Lead author Sara Patterson, a graduate student in neuroscience at the UW School of Medicine, said how we set our internal clocks to the external light-dark cycle has been studied a lot. But how the changes in the colour of light affect our brain has not.

“Colour vision used for something other than colour perception was the most exciting part for me,” she said.

In the study, Patterson and colleagues identified a cell known as an inhibitory interneuron or amacrine cell in the retina, which signals to photosensitive ganglion cells that affect our circadian brain centers. The researchers said these amacrine cells provide “the missing component of an evolutionary ancient colour vision circuit capable of setting the circadian clock by encoding the spectral content of light.”

Patterson said so little is known about rare retinal circuitry that it was possible to find a new blue cone cell. She said there is a lot more to be discovered about how blue cone cells are projecting to other areas of the brain.

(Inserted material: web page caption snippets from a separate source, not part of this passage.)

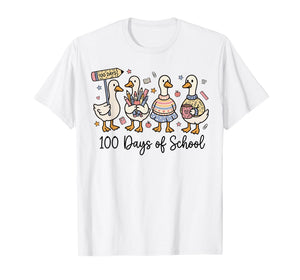 100 Days of School Ducks Cute Goose Teacher 100th Day Kids T-Shirt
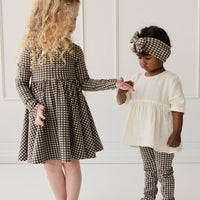 Organic Cotton Everyday Legging - Mini Gingham Bistre Childrens Legging from Jamie Kay USA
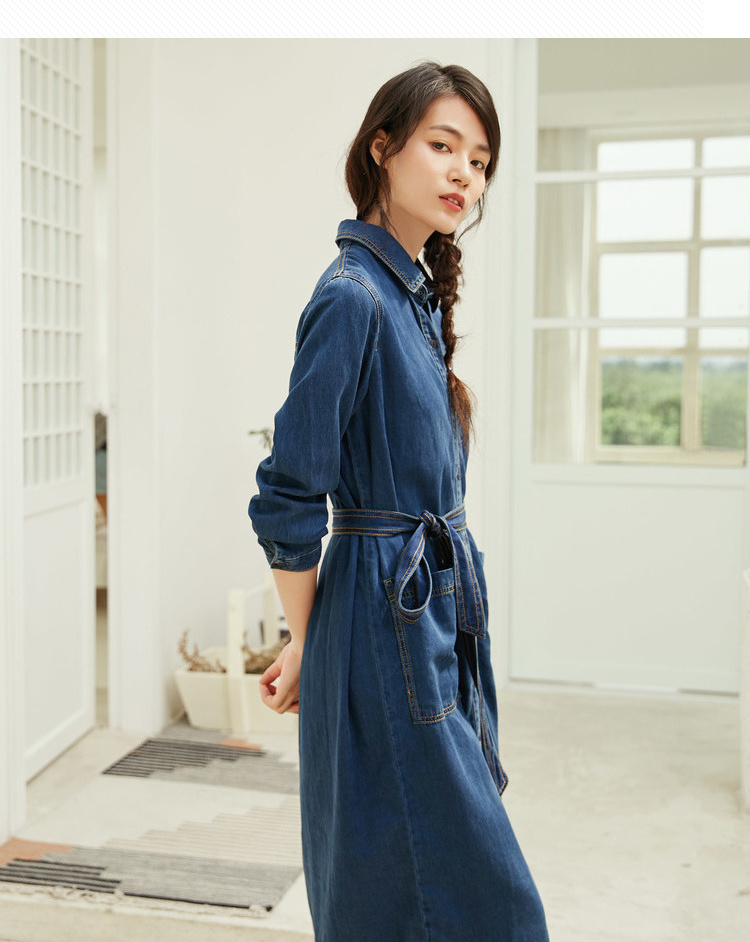 茵曼秋装天丝棉复古文艺翻领绑带直身连身裙女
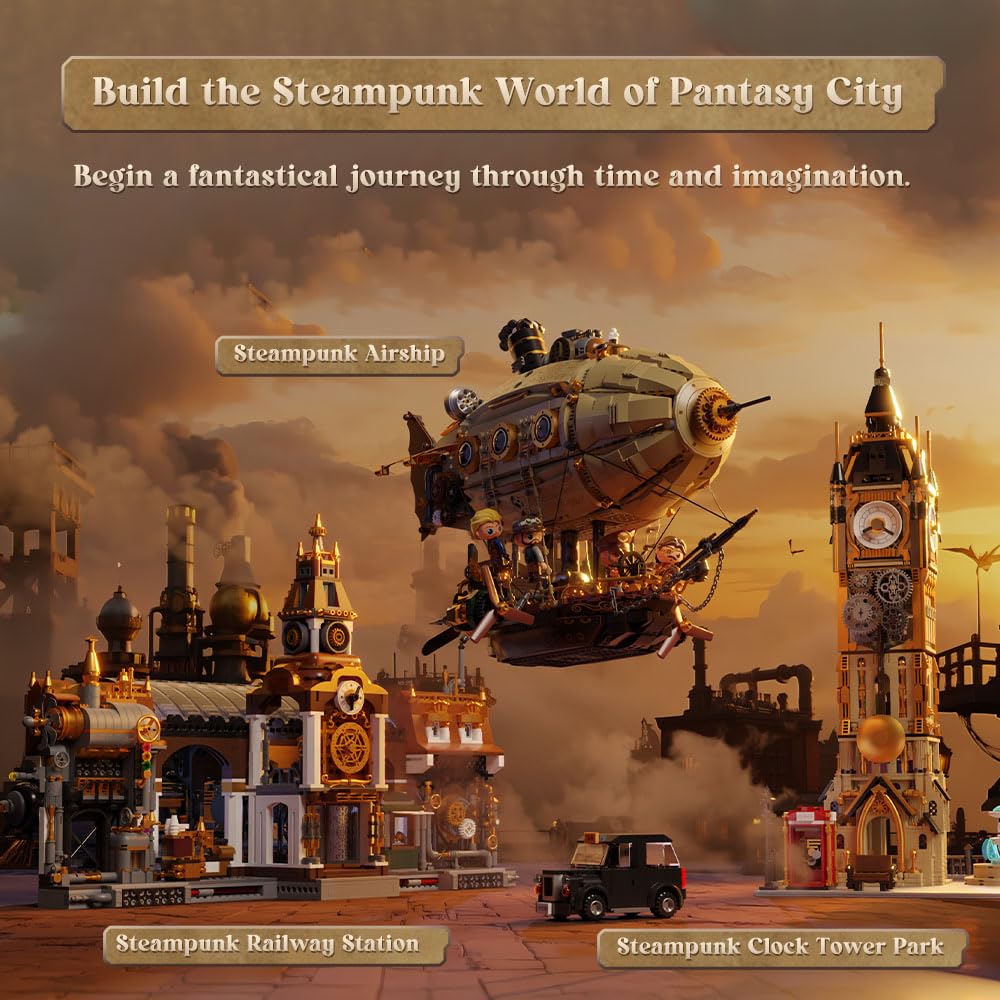 Steampunk Luftschiff Bausatz Zeppelin mit Zahnrad-Mechanik 378×321×340mm - Bild 5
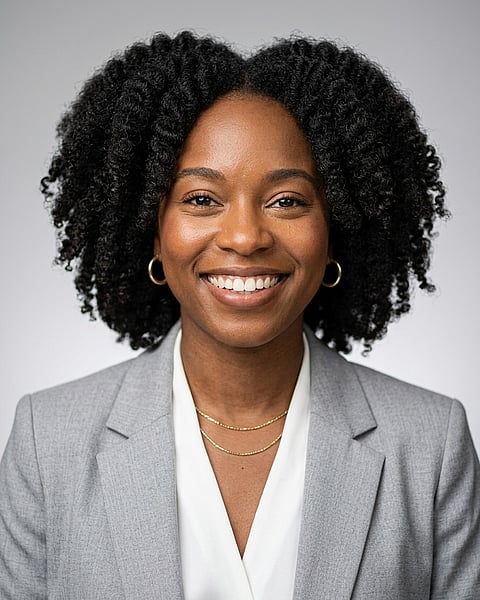 Neutral Gradient / Light Grey · Light gray blazer headshot example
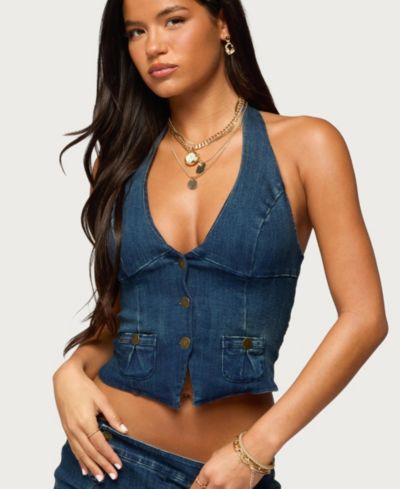 Edikted Women's Sashe Button Up Denim Halter Top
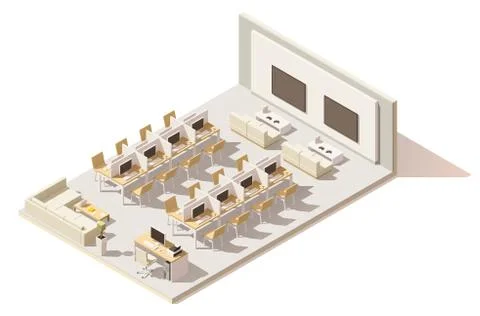 Vector isometric low poly internet cafe Stock Illustration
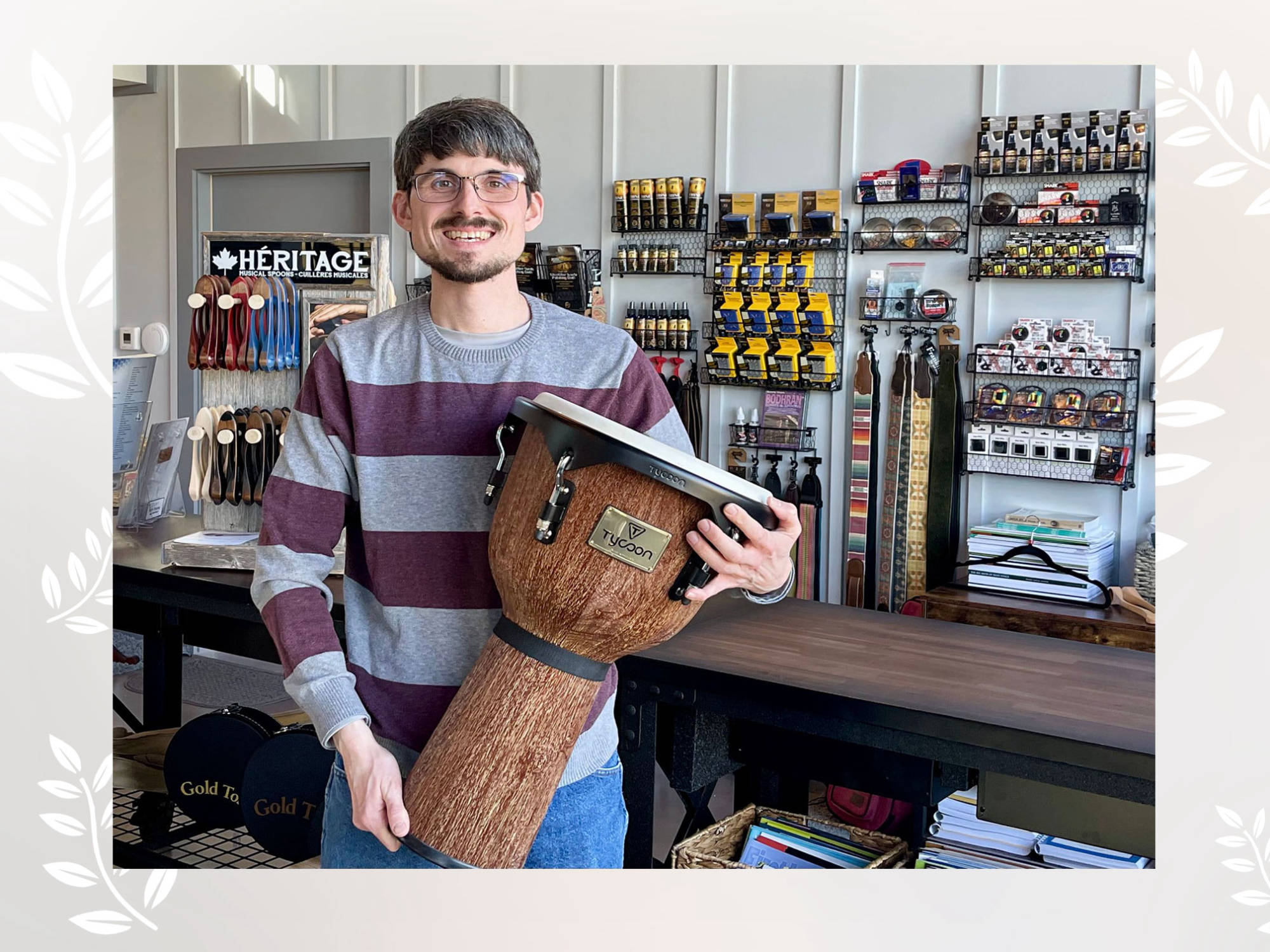 Jonathan with 12in African Djembe by Tycoon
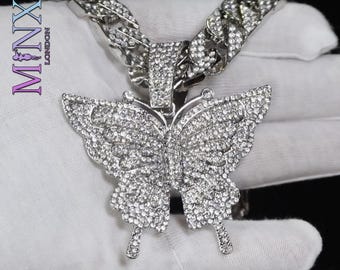 Diamond Butterfly Pendant | Butterfly Necklace | Butterfly Pendant | Womens Butterfly Pendant | Women's Diamond Butterfly Necklace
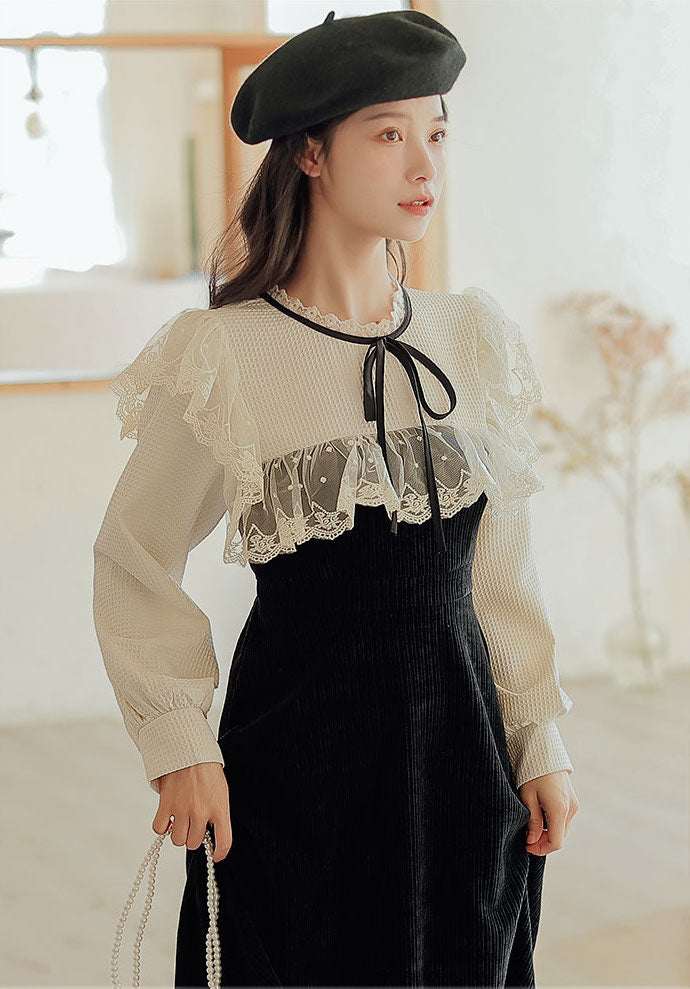 Square Lace High Neck Sweater Dress (2 Colors)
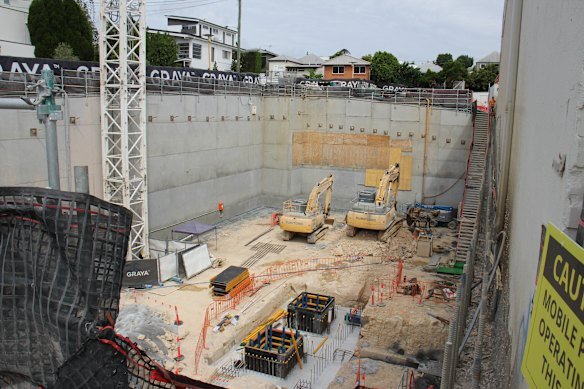 Construction for Brera at 31 Doggett Street in Teneriffe on Friday afternoon. 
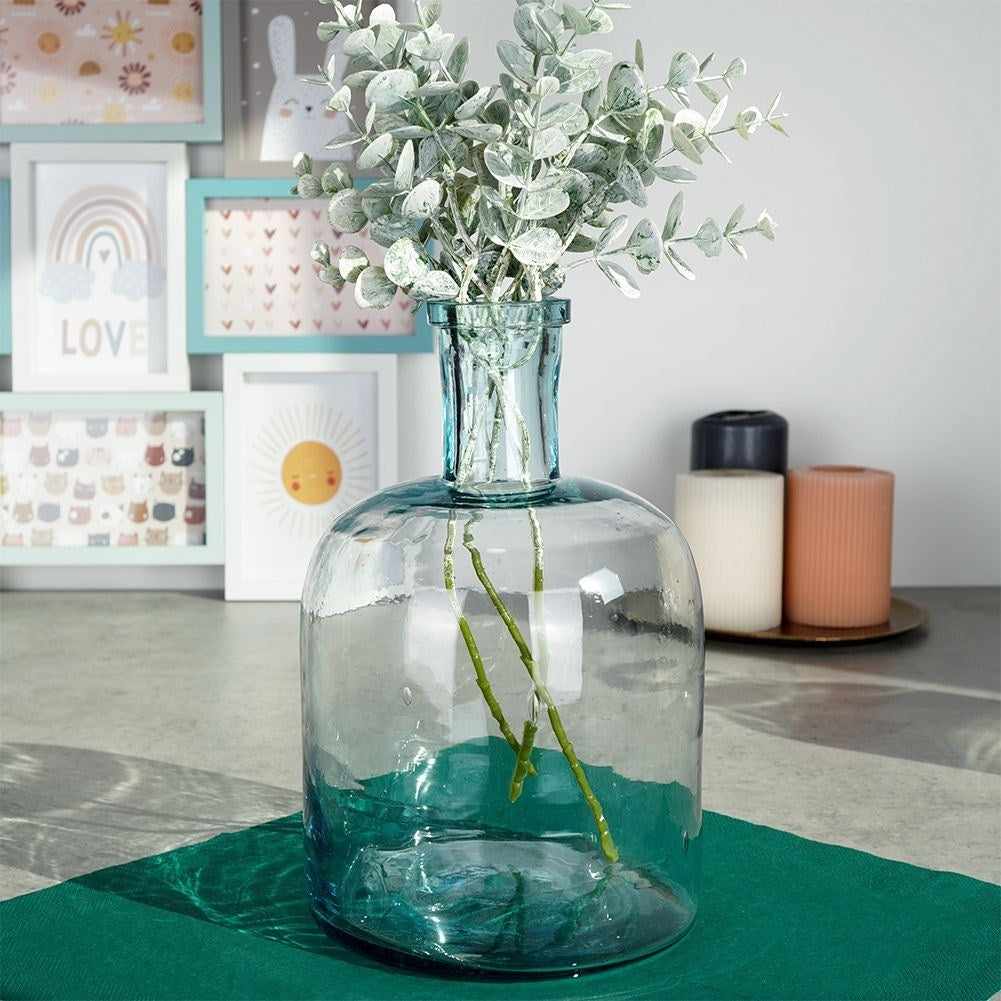 Blue vase in recycled glass for fresh and artificial flowers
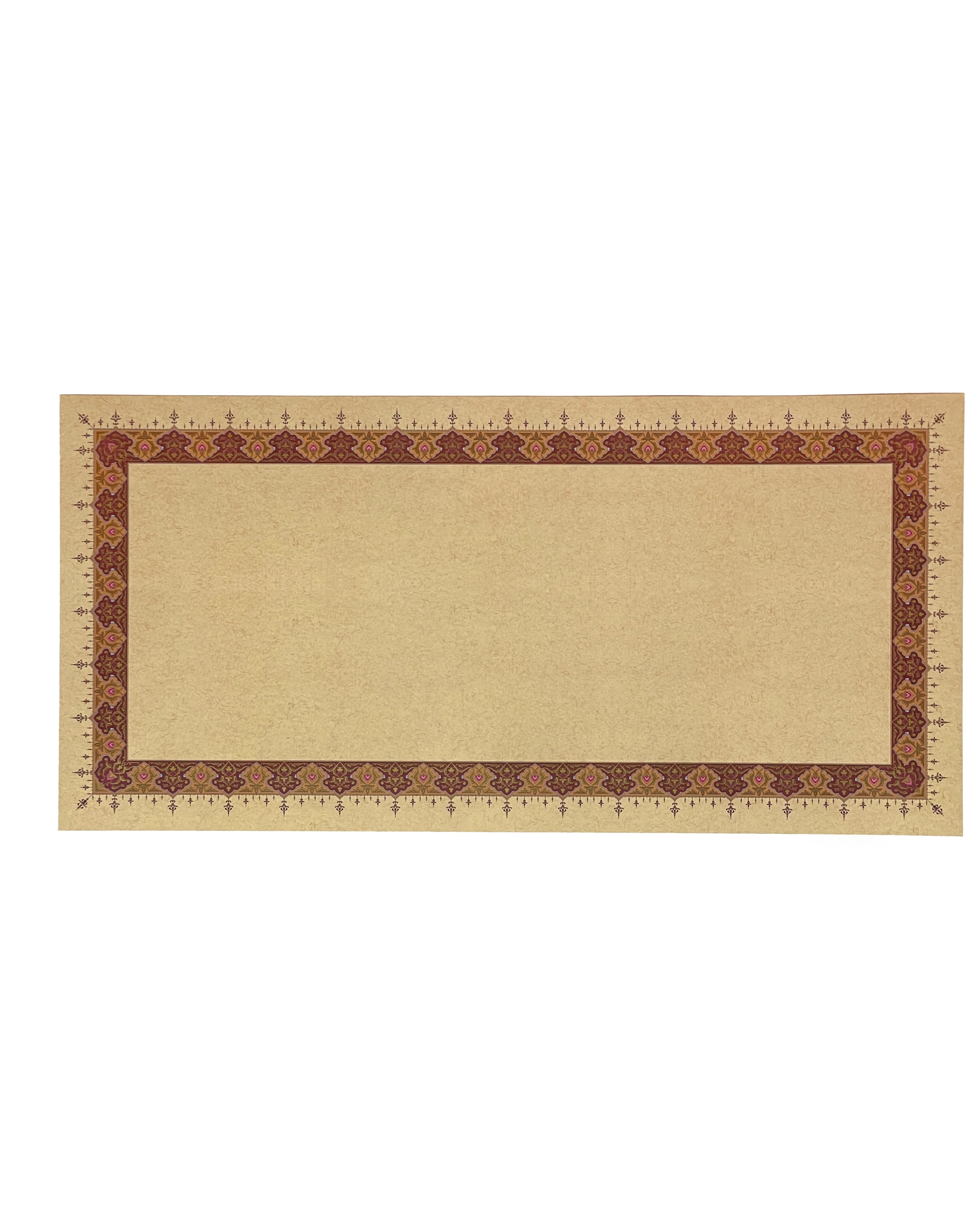 Tezhipli İçi Boş -16- Mat Kuşe Meşk Kağıdı Mohamad Badawi Alktifani 33x68 Cm Tıpkı Basım (BORDO - GOLD YALDIZ)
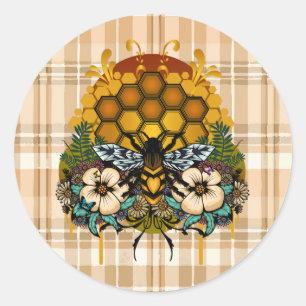 Pegatina Redonda Reina Abeja Panal Floral Cuadro Cottagecore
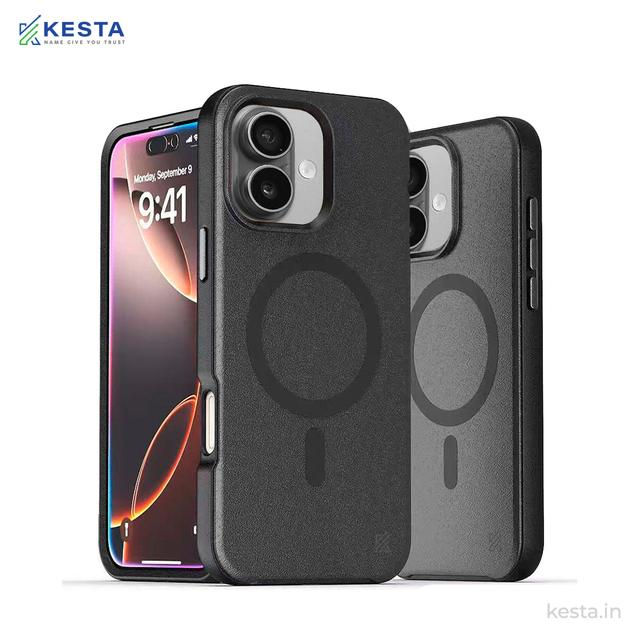 iPhone 16 Plus Cover - MagArmour Black Hybrid Case (Grip + Gloss – Textured for Control, Smooth Style)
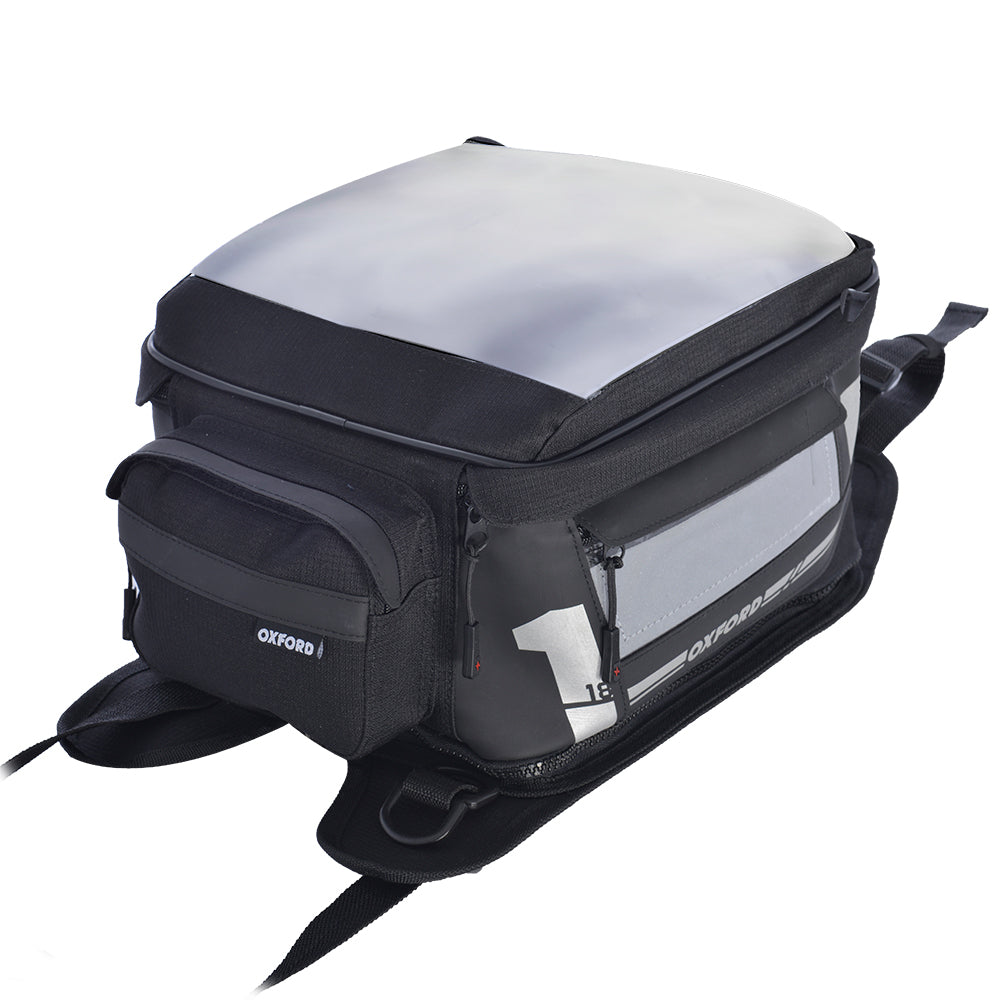 Oxford F1 Strap On Magnetic Small Tank Bag Black / Grey - 18 Litres FREE 1 YEAR Returns, FREE UK Delivery | ThrottleChimp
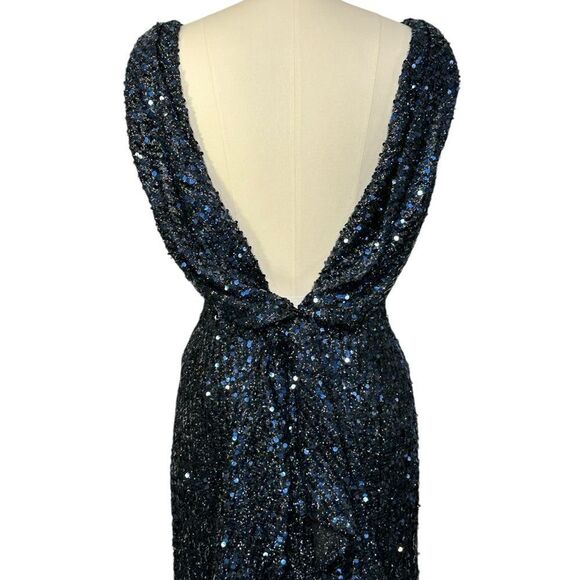 Mac Duggal 26331 Blue Cowl Back Boat Neck Sequined Evening Gown | Size 10 - Picture 3 of 12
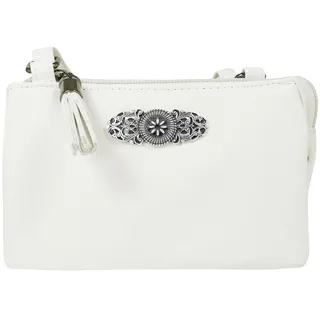 Trachtenland Damen Trachten Handtasche Sofia – Dirndl Umhängetasche aus Lederimitat mit Applikation & Troddel in Pastellfarben oder Schwarz (Weiß, ca. 18 x 12 x 8 cm)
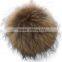 Top auality facotry direct sale 15cm colorful animal fur pom poms keychain New genuine raccoon fur ball key ring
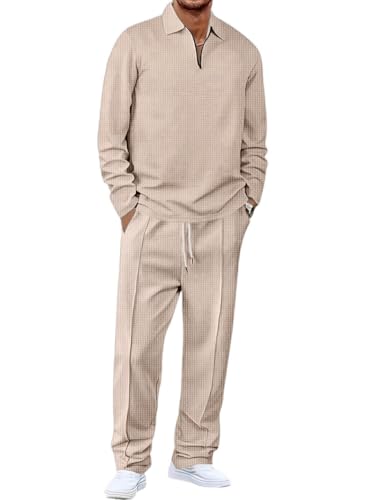 Image of Jawdrobe Men's Waffle-Check Co-Ord Set | Self-Textured Collar Top | Drawstring Jogger Pants | Cotton-Blend Loungewear /Night-Suit | Casual Travel & Streetwear Two-Piece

While sunrise lights, blue lights and seasonal affective disorder (SAD) lights have all tried to capture benefits of natural light, they haven’t been that effective because they are missing key science data, said corresponding author Jay Neitz, professor of ophthalmology at the UW School of Medicine, a scientist at the UW Medicine Eye Institute, and a well-known colour vision researcher. He said the science behind SAD lights, for example, is to make lights hundreds of times brighter than normal lights to stimulate melanopsin.

“This research all started because of our interest in the health benefits of having natural light that occurs at the right time of day that helps regulate our circadian clock and our mood and alertness,” Neitz said.

The University of Washington has licensed technology based on this discovery to TUO, a lighting technology company that will be selling white LED light bulbs that will incorporate undetectable sunrise and sunset wavelengths for commercial use.